La hoja seca no tuvo consciencia de la vida mientras fue verde. No temió el fatal desenlace que era inevitable, aunque toda ella nació preparada para sortear el final definitivo. Que no tuviera consciencia no significa que no intuyera que su función primordial era vivir; que no se abriera de par en par buscando cada rayo de sol con total devoción y entrega; que no tuviese un arraigado y primitivo instinto de supervivencia, o que no formara parte de la definición más primigenia y real de lo que es y de lo que significa la vida.

Pero ahora está seca. La muerte la venció. A ella. Pero no a lo que permitió su existencia. La planta sigue, previsiblemente, en su sitio. La ¿triste? realidad de la hoja seca es la promesa de nueva vida, de nuevas hojas, de nuevas plantas.

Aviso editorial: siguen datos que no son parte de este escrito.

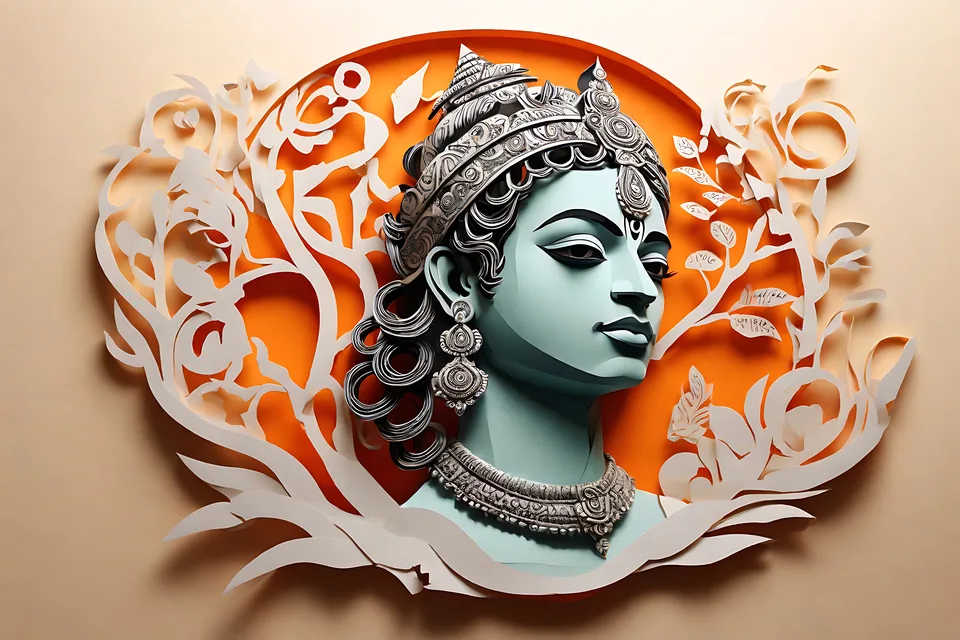 A stylized paper-cutout artwork of a serene, blue-skinned deity with ornate silver jewelry and a crown, framed by white floral patterns against an ora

En el fondo no está muerta, solo espera convertirse en vida, de otra forma, de manera muy lenta, pero vida al fin. Espera que otros sepan sacar provecho de su legado, el regalo que dejó a quienes la harán vivir de nuevo. Mientras tanto, regala poesía y belleza a quien se detenga a observarla. No hay un solo desperdicio en su muerte: la naturaleza todo lo aprovecha.

Soledad

En medio de la nada, cerca de ningún sitio. Así están suspendidos los restos de no se sabe muy bien qué y que tampoco interesa. Muchos viven así, rodeados de otros y, al mismo tiempo, desconectados del entorno. La soledad puede ser aislamiento y sordera cuando es tanto voluntaria como definitiva, una forma refinada de egoísmo, una forma de muerte en vida.

Pero la soledad no es mala en sí misma. Temer la soledad es tener miedo a estar de forma íntima con uno mismo, nuestro mejor amigo o enemigo. Por eso es peligrosa la soledad, por eso tantos prefieren sufrir y padecer la eternidad en el grupo antes que arriesgarse a estar o quedarse solos un pequeño instante. “Mejor solo que mal acompañado” suscriben quienes se rebelan al borreguismo, al pensamiento único, a la moda de dejar que otros decidan y admiten con valentía el miedo que sienten al vivir en estos tiempos, que siempre son más complicados que los ya pasados.

La soledad obliga a reflexionar, a examinar, a descartar, a elegir y a madurar. Y proporciona la distancia necesaria para contemplar toda la belleza que no puede admirarse en medio de la multitud. Así posa no se sabe qué al objetivo de la cámara. Bendita seas, soledad.

Autenticidad

¿Y tú qué miras? Si pudiera hablar, es lo que diría. Es auténtico, es independiente, es belleza en estado puro. Quizás no siga los patrones comunes de lo que define la belleza, pero conmueve, inspira, atrae, fascina.

La clave de la autenticidad radica en la seguridad. No hay originalidad en la aprobación del grupo, en brindar la enésima versión de lo mismo ni en los convencionalismos establecidos.

Es atrevido, es arriesgado, es rompedor. Nos dice que se puede ser así y que está bien ser así. Que ese es el camino a lo hermoso, a lo imperecedero, a lo valioso. Hasta que no lo vimos, pensamos que era imposible.

Lo auténtico también es raro, difícil de lidiar, duro de entender, imposible de olvidar. No se parece a nada ni nadie más. Quizás sea un detalle apenas en el paisaje, algo que apenas sobresale del suelo, un rincón de nada en la vastedad del espacio abierto. ¡Pero qué huella deja! Ya quisieran tantos gigantes para sí mismos la atención que despierta un ser, aunque sea diminuto, por el solo hecho de ser auténtico.